- Work order
Word for word, copy each record that comes after this.

[Records from a data source]
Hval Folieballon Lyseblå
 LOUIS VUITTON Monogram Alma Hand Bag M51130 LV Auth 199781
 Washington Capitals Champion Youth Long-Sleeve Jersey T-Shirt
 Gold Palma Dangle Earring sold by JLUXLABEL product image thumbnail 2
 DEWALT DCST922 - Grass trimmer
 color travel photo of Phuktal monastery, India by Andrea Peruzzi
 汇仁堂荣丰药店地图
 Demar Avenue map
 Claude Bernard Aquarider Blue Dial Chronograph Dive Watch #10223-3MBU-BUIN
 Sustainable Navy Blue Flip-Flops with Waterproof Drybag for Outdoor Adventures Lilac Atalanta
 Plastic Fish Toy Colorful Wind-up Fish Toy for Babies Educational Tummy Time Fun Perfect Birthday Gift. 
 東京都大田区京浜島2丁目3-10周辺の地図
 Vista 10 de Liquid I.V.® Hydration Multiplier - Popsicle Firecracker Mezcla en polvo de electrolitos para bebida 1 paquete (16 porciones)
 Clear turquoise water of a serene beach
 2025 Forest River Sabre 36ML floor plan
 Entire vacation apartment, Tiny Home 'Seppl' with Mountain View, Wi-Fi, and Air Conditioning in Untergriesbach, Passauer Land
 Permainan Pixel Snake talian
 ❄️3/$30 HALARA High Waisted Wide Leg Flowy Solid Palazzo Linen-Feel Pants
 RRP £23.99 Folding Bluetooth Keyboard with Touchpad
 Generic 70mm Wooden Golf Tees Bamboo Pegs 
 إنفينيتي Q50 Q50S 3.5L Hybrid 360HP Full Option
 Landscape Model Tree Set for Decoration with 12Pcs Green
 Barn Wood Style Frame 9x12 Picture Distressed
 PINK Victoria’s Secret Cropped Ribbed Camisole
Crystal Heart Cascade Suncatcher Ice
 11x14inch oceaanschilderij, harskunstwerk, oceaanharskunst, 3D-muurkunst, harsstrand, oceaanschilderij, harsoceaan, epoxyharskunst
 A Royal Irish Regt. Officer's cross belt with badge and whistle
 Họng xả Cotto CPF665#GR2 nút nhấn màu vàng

- Solution
Hval Folieballon Lyseblå
 LOUIS VUITTON Monogram Alma Hand Bag M51130 LV Auth 199781
 Washington Capitals Champion Youth Long-Sleeve Jersey T-Shirt
 Gold Palma Dangle Earring sold by JLUXLABEL product image thumbnail 2
 DEWALT DCST922 - Grass trimmer
 color travel photo of Phuktal monastery, India by Andrea Peruzzi
 汇仁堂荣丰药店地图
 Demar Avenue map
 Claude Bernard Aquarider Blue Dial Chronograph Dive Watch #10223-3MBU-BUIN
 Sustainable Navy Blue Flip-Flops with Waterproof Drybag for Outdoor Adventures Lilac Atalanta
 Plastic Fish Toy Colorful Wind-up Fish Toy for Babies Educational Tummy Time Fun Perfect Birthday Gift. 
 東京都大田区京浜島2丁目3-10周辺の地図
 Vista 10 de Liquid I.V.® Hydration Multiplier - Popsicle Firecracker Mezcla en polvo de electrolitos para bebida 1 paquete (16 porciones)
 Clear turquoise water of a serene beach
 2025 Forest River Sabre 36ML floor plan
 Entire vacation apartment, Tiny Home 'Seppl' with Mountain View, Wi-Fi, and Air Conditioning in Untergriesbach, Passauer Land
 Permainan Pixel Snake talian
 ❄️3/$30 HALARA High Waisted Wide Leg Flowy Solid Palazzo Linen-Feel Pants
 RRP £23.99 Folding Bluetooth Keyboard with Touchpad
 Generic 70mm Wooden Golf Tees Bamboo Pegs 
 إنفينيتي Q50 Q50S 3.5L Hybrid 360HP Full Option
 Landscape Model Tree Set for Decoration with 12Pcs Green
 Barn Wood Style Frame 9x12 Picture Distressed
 PINK Victoria’s Secret Cropped Ribbed Camisole
Crystal Heart Cascade Suncatcher Ice
 11x14inch oceaanschilderij, harskunstwerk, oceaanharskunst, 3D-muurkunst, harsstrand, oceaanschilderij, harsoceaan, epoxyharskunst
 A Royal Irish Regt. Officer's cross belt with badge and whistle
 Họng xả Cotto CPF665#GR2 nút nhấn màu vàng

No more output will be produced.